→ **Exercise directions**: Take the line that contains "Used 2024 Chevrolet" and each line after it to the end of the material below, and return them exactly, minus the pictures.
▼▼▼
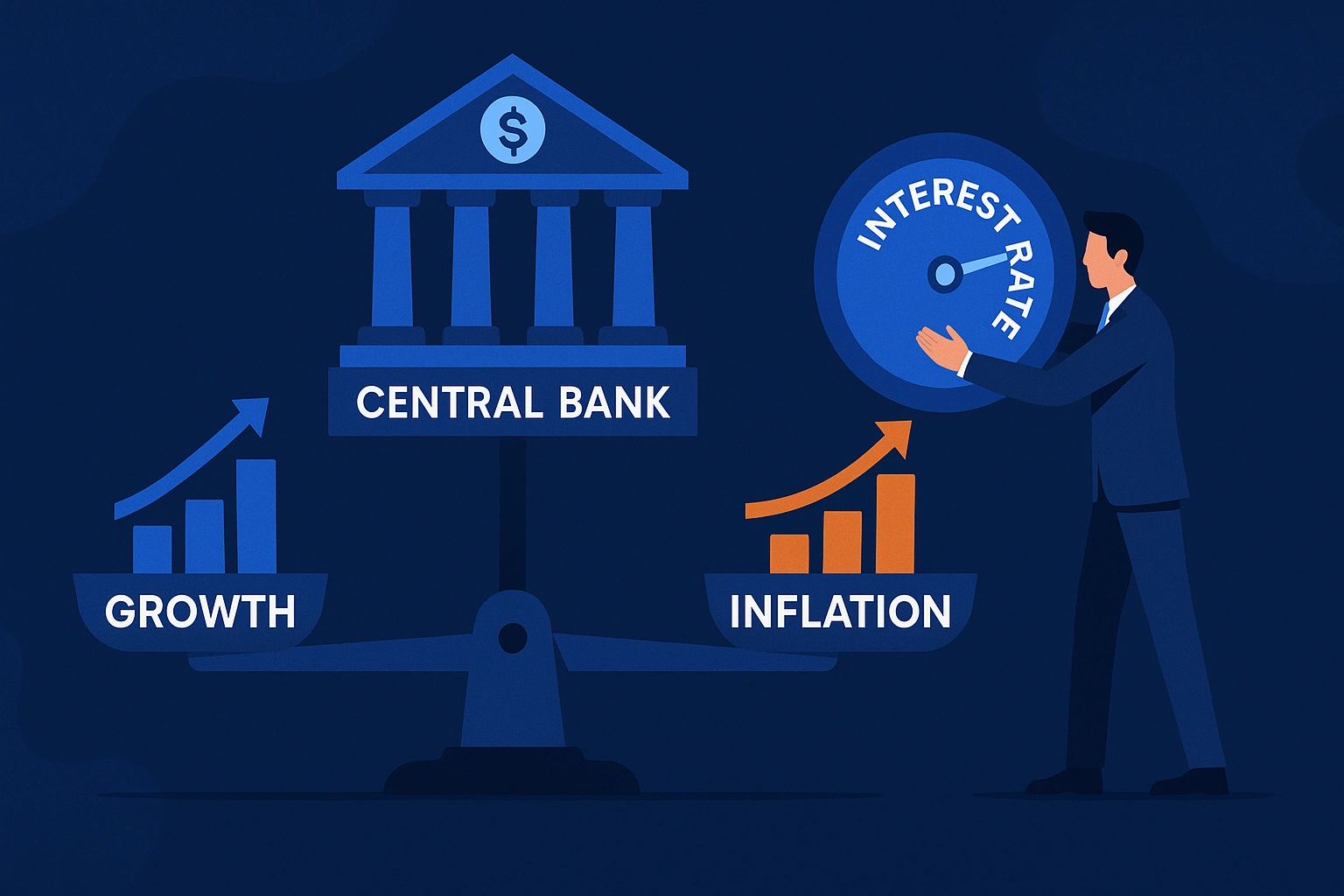 Unlocking the Secrets of Monetary Policy for Economic Growth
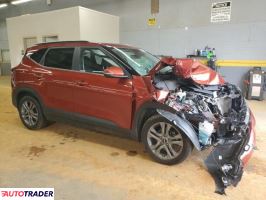 Kia Pozostałe 2023 2
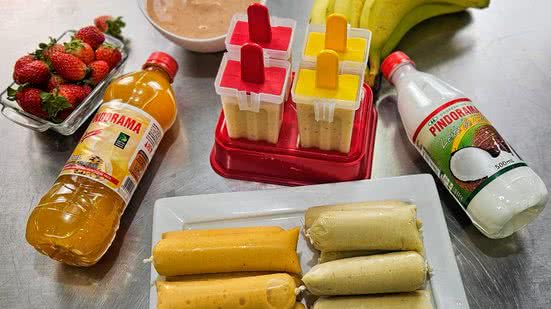 Imagem Flau sem açúcar, sem lactose e com afeto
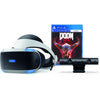 Sony PlayStation 4 PS4 VR Virtual Reality Headset Bundle + Doom VFR from 2pgaming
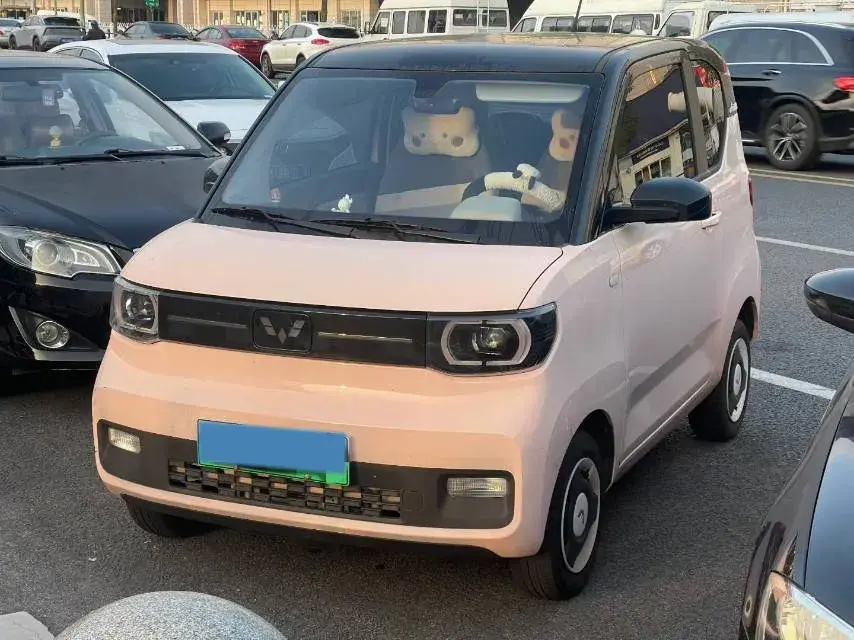 2022 WuLing HongGuang MINI EV BEV 13.9KWH
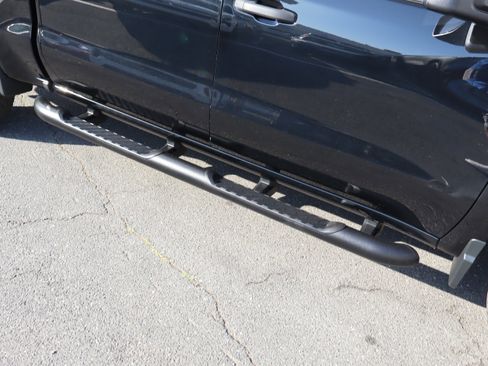 Used 2024 Chevrolet Silverado 1500 Custom Trail Boss AWD/4WD image 12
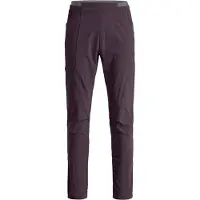 Ortovox - Trace Pants - Klimbroek S, grijs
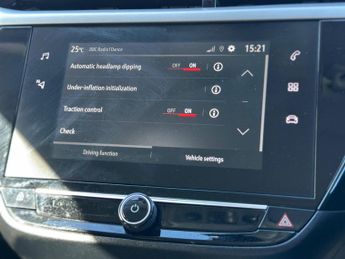 Vauxhall Corsa 1.2 Turbo Design Auto Euro 6 (s/s) 5dr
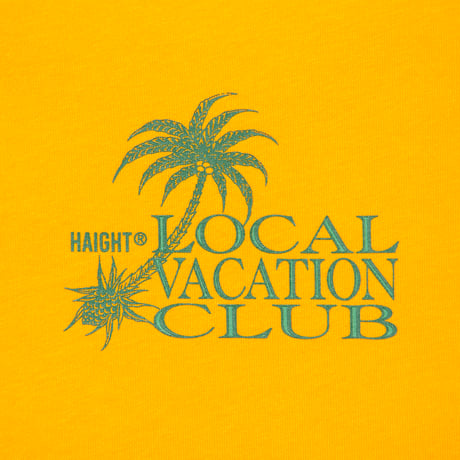 HAIGHT / LVC LOUD TREE Tee(3colors)
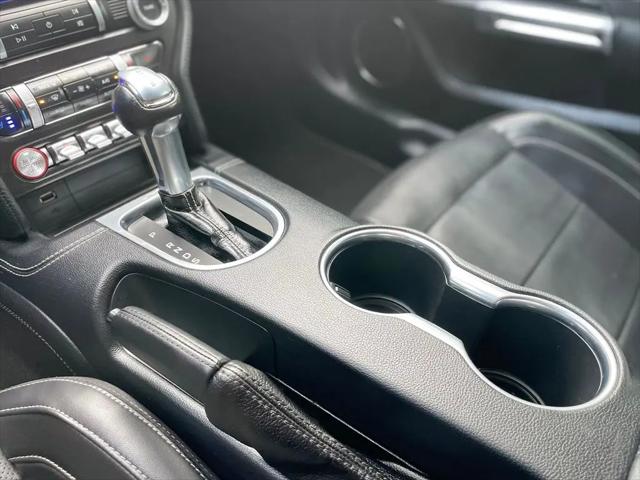 2020 Ford Mustang GT Premium Convertible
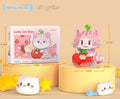 Lucky Fortune Cat Micro Building Block Set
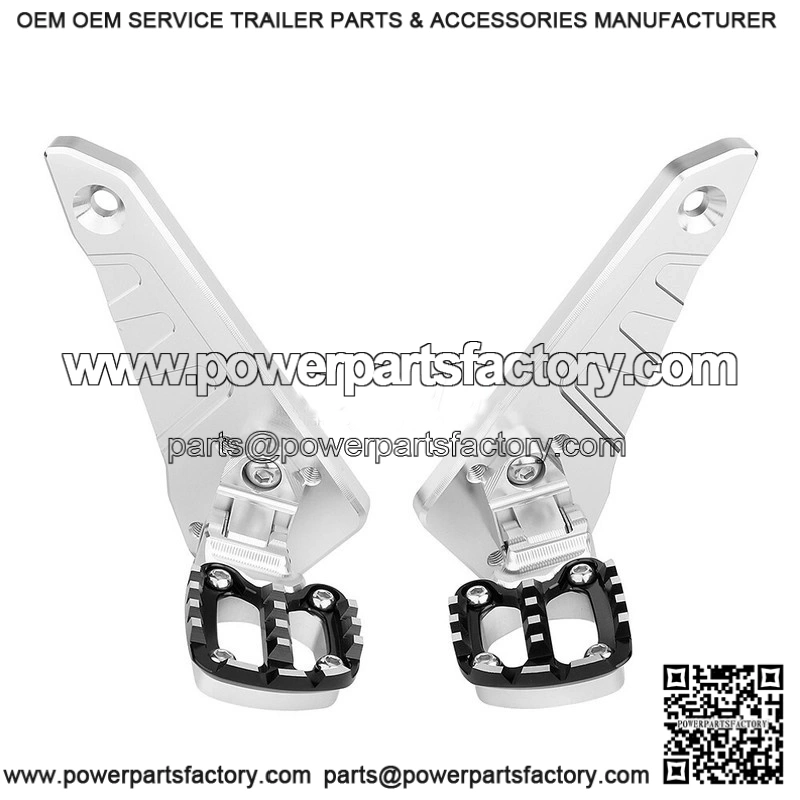 Passenger Foot Pedal for Honda X-ADV 750 (2021-2024)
▲▲▲
→ **Solution for this problem**:
 Used 2024 Chevrolet Silverado 1500 Custom Trail Boss AWD/4WD image 12
 Ortovox - Trace Pants - Klimbroek S, grijs
 Vauxhall Corsa 1.2 Turbo Design Auto Euro 6 (s/s) 5dr
 HAIGHT / LVC LOUD TREE Tee(3colors)
 2020 Ford Mustang GT Premium Convertible
 Lucky Fortune Cat Micro Building Block Set
 Passenger Foot Pedal for Honda X-ADV 750 (2021-2024)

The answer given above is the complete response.